Exercise:
Take the entries that follow and write them out again, word for word.
*** Input material ***
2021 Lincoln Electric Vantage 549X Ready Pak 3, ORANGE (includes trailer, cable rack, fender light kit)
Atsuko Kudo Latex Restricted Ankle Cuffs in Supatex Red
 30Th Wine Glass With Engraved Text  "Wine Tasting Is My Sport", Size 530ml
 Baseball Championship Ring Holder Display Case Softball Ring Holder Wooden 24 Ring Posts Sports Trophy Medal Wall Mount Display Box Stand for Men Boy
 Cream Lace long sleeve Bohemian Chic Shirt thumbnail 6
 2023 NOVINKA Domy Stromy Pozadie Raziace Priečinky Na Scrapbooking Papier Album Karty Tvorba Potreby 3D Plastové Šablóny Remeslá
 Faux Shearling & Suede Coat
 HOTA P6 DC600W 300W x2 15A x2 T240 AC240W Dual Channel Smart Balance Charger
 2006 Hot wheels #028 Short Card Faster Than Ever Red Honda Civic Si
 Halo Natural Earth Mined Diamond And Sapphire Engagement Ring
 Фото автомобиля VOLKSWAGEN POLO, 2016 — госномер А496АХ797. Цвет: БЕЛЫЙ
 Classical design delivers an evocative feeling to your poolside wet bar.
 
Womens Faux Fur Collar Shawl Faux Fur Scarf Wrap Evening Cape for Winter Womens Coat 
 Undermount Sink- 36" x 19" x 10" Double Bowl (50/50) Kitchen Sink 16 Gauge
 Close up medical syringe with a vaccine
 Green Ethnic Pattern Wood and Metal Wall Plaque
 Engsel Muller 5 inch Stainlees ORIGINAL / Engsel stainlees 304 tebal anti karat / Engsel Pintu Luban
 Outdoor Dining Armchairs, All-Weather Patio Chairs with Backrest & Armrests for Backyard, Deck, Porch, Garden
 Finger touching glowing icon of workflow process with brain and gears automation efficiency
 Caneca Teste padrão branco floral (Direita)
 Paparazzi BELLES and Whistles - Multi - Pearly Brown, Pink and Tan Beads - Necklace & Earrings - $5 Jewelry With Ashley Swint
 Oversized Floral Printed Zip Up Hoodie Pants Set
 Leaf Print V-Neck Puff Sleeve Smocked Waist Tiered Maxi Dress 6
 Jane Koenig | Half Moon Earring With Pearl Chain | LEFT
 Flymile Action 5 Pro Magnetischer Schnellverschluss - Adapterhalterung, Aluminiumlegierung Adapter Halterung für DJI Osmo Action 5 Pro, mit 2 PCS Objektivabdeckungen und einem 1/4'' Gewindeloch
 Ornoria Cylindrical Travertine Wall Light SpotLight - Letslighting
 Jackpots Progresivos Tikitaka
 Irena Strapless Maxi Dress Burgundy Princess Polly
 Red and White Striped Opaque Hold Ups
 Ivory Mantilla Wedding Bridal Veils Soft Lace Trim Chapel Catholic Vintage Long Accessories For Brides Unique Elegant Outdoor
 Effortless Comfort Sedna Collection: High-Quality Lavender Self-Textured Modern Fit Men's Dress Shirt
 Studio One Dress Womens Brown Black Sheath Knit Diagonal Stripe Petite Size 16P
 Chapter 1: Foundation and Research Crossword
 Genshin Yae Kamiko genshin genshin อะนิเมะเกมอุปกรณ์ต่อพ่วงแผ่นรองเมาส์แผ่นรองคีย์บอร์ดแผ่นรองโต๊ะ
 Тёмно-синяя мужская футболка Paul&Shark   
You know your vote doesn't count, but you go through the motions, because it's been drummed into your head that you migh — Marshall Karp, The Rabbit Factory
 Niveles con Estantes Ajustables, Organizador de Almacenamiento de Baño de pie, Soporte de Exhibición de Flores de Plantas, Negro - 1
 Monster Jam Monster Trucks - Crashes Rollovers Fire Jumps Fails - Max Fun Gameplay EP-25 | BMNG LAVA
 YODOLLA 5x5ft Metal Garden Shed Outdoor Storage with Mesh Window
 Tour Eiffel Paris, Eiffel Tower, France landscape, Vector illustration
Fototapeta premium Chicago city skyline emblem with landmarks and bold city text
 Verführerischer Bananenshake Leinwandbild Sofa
*** End of Input material ***
Answer for this exercise:
2021 Lincoln Electric Vantage 549X Ready Pak 3, ORANGE (includes trailer, cable rack, fender light kit)
Atsuko Kudo Latex Restricted Ankle Cuffs in Supatex Red
 30Th Wine Glass With Engraved Text  "Wine Tasting Is My Sport", Size 530ml
 Baseball Championship Ring Holder Display Case Softball Ring Holder Wooden 24 Ring Posts Sports Trophy Medal Wall Mount Display Box Stand for Men Boy
 Cream Lace long sleeve Bohemian Chic Shirt thumbnail 6
 2023 NOVINKA Domy Stromy Pozadie Raziace Priečinky Na Scrapbooking Papier Album Karty Tvorba Potreby 3D Plastové Šablóny Remeslá
 Faux Shearling & Suede Coat
 HOTA P6 DC600W 300W x2 15A x2 T240 AC240W Dual Channel Smart Balance Charger
 2006 Hot wheels #028 Short Card Faster Than Ever Red Honda Civic Si
 Halo Natural Earth Mined Diamond And Sapphire Engagement Ring
 Фото автомобиля VOLKSWAGEN POLO, 2016 — госномер А496АХ797. Цвет: БЕЛЫЙ
 Classical design delivers an evocative feeling to your poolside wet bar.
 
Womens Faux Fur Collar Shawl Faux Fur Scarf Wrap Evening Cape for Winter Womens Coat 
 Undermount Sink- 36" x 19" x 10" Double Bowl (50/50) Kitchen Sink 16 Gauge
 Close up medical syringe with a vaccine
 Green Ethnic Pattern Wood and Metal Wall Plaque
 Engsel Muller 5 inch Stainlees ORIGINAL / Engsel stainlees 304 tebal anti karat / Engsel Pintu Luban
 Outdoor Dining Armchairs, All-Weather Patio Chairs with Backrest & Armrests for Backyard, Deck, Porch, Garden
 Finger touching glowing icon of workflow process with brain and gears automation efficiency
 Caneca Teste padrão branco floral (Direita)
 Paparazzi BELLES and Whistles - Multi - Pearly Brown, Pink and Tan Beads - Necklace & Earrings - $5 Jewelry With Ashley Swint
 Oversized Floral Printed Zip Up Hoodie Pants Set
 Leaf Print V-Neck Puff Sleeve Smocked Waist Tiered Maxi Dress 6
 Jane Koenig | Half Moon Earring With Pearl Chain | LEFT
 Flymile Action 5 Pro Magnetischer Schnellverschluss - Adapterhalterung, Aluminiumlegierung Adapter Halterung für DJI Osmo Action 5 Pro, mit 2 PCS Objektivabdeckungen und einem 1/4'' Gewindeloch
 Ornoria Cylindrical Travertine Wall Light SpotLight - Letslighting
 Jackpots Progresivos Tikitaka
 Irena Strapless Maxi Dress Burgundy Princess Polly
 Red and White Striped Opaque Hold Ups
 Ivory Mantilla Wedding Bridal Veils Soft Lace Trim Chapel Catholic Vintage Long Accessories For Brides Unique Elegant Outdoor
 Effortless Comfort Sedna Collection: High-Quality Lavender Self-Textured Modern Fit Men's Dress Shirt
 Studio One Dress Womens Brown Black Sheath Knit Diagonal Stripe Petite Size 16P
 Chapter 1: Foundation and Research Crossword
 Genshin Yae Kamiko genshin genshin อะนิเมะเกมอุปกรณ์ต่อพ่วงแผ่นรองเมาส์แผ่นรองคีย์บอร์ดแผ่นรองโต๊ะ
 Тёмно-синяя мужская футболка Paul&Shark   
You know your vote doesn't count, but you go through the motions, because it's been drummed into your head that you migh — Marshall Karp, The Rabbit Factory
 Niveles con Estantes Ajustables, Organizador de Almacenamiento de Baño de pie, Soporte de Exhibición de Flores de Plantas, Negro - 1
 Monster Jam Monster Trucks - Crashes Rollovers Fire Jumps Fails - Max Fun Gameplay EP-25 | BMNG LAVA
 YODOLLA 5x5ft Metal Garden Shed Outdoor Storage with Mesh Window
 Tour Eiffel Paris, Eiffel Tower, France landscape, Vector illustration
Fototapeta premium Chicago city skyline emblem with landmarks and bold city text
 Verführerischer Bananenshake Leinwandbild Sofa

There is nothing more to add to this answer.